DATASET ENTRIES section start
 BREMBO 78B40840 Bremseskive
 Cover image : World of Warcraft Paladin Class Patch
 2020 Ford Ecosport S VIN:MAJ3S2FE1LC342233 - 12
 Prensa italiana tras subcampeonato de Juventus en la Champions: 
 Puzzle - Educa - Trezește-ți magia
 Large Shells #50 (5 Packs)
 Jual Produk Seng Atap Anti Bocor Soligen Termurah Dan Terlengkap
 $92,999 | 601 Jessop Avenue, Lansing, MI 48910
DATASET ENTRIES section end
A verbatim copy of all the records is to be produced.

(TASK SOLUTION):
 BREMBO 78B40840 Bremseskive
 Cover image : World of Warcraft Paladin Class Patch
 2020 Ford Ecosport S VIN:MAJ3S2FE1LC342233 - 12
 Prensa italiana tras subcampeonato de Juventus en la Champions: 
 Puzzle - Educa - Trezește-ți magia
 Large Shells #50 (5 Packs)
 Jual Produk Seng Atap Anti Bocor Soligen Termurah Dan Terlengkap
 $92,999 | 601 Jessop Avenue, Lansing, MI 48910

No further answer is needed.